WASHINGTON, D.C. — The White House hopes to unveil a new national security strategy (NSS) this year projected to embrace a middle of the road approach between GOP interventionist and isolationist attitudes, rejecting “stale ways of thinking,” a deputy assistant to President Donald Trump tells Breitbart News.

“We have had enough with old ways of thinking,” declared Dr. Sebastian Gorka during an exclusive interview at the White House last week. “The last 30 years of thinking have just been unimaginative. It doesn’t serve the U.S. purpose. We’ve seen about 7,000 people killed in uniform. We have to be smarter about it.”

He noted that the Trump administration will apply “all the instruments of power in the right mixture” to its NSS.

The pillars the strategy is being built upon include rejecting political correctness along with the previous Republican and Democratic approaches to national security, assisting allies while refusing to fight their conflicts, and ensuring that American leadership is back.

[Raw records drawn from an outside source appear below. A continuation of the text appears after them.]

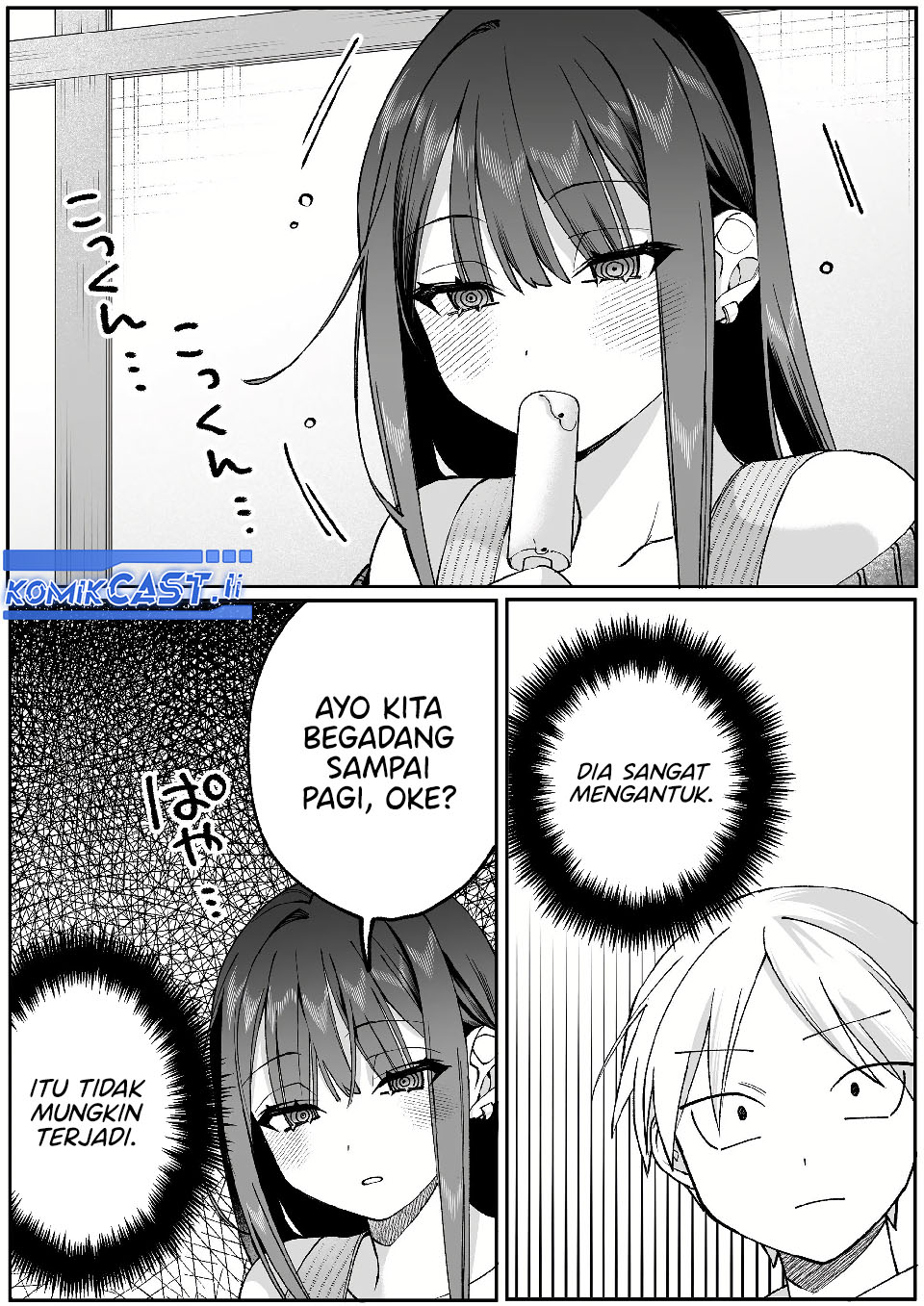 Jirai nandesu ka? Chihara-san (That Girl Is Cute… But Dangerous?) Chapter 80 Gambar 19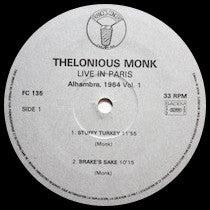 Live In Paris, 1964 - Alhambra Vol. 1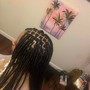 Braids w/ Color tuck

Those positions are expected to guide the Trump administration in prioritizing the threats facing the United States.

“We recognized that this is an iconoclastic commander in chief. He is the first person in U.S. history who wasn’t a politician or a general officer before he came into office,” Dr. Gorka told Breitbart News. “As such, the national security strategy will not look like the previous Republican or Democrat security strategies. It will be as iconoclastic as the president. There will be a prioritization of threats and mission.”

Gorka, who works as Deputy Assistant to the President in the Office of the Chief Strategist, noted that the “globally disperse totalitarian ideology of jihadism” is one of the top threats facing America that the new strategy will address.

Instead of being confined by the “cliché” Republican interventionist and isolationist perspectives of the past, the Trump administration realizes it has a range of options at its disposal to protect the U.S. homeland, argued Gorka.

“It’s not diplomacy or war, intervention or isolationism. It is the full spectrum of options of statecraft with American leadership back,” he told Breitbart News, adding, “We jettisoned political correctness. We jettisoned cliché bi-polar ways of thinking.”

Gorka described interventionism and isolationism as the foreign policy “extremes” of the political right.

“There is a massive palate in between isolation and intervention, and we believe that it is smarter not to function on the extremes,” he said.

The White House official dismissed the political right’s approach to national security as “pathetic” because you are only forced to choose between two ideas: neoconservatism or libertarianism.

“You are forced into a binary world. Either you have to be a neoconservative and invade other countries, or you have to be libertarian and say ‘who cares we’re going to be isolationists,’” he told Breitbart News.

“This president explicitly rejects neoconservative foreign policy because he sees the invasion and occupation of other people’s countries as fundamentally un-American,” pointed out Gorka. “Nevertheless, America is a force for good. Not as an occupier, but as a shaper.”

The new strategy is supposed to express President Trump’s view of the world and how America plans to defeat the global threats it faces.

Gorka explained that Trump’s NSS would show how the administration is “going to secure American lives, American prosperity, and American interests in the world.”

Although the NSC is leading the effort to devise the strategy, it is a whole government endeavor involving various agencies such as the Departments of Homeland Security, State, and Treasury, as well as the CIA and the Pentagon’s Defense Intelligence Agency (DIA), noted Gorka.

This year, White House National security adviser H.R. McMaster hired Republican foreign policy expert Nadia Schadlow as senior director for strategy. She is charged with drafting Trump’s NSS.

Prior to taking a job at the White House, Dr. Gorka worked as Major General Horner Chair of Military Theory at Marine Corps University and national security editor for Breitbart News.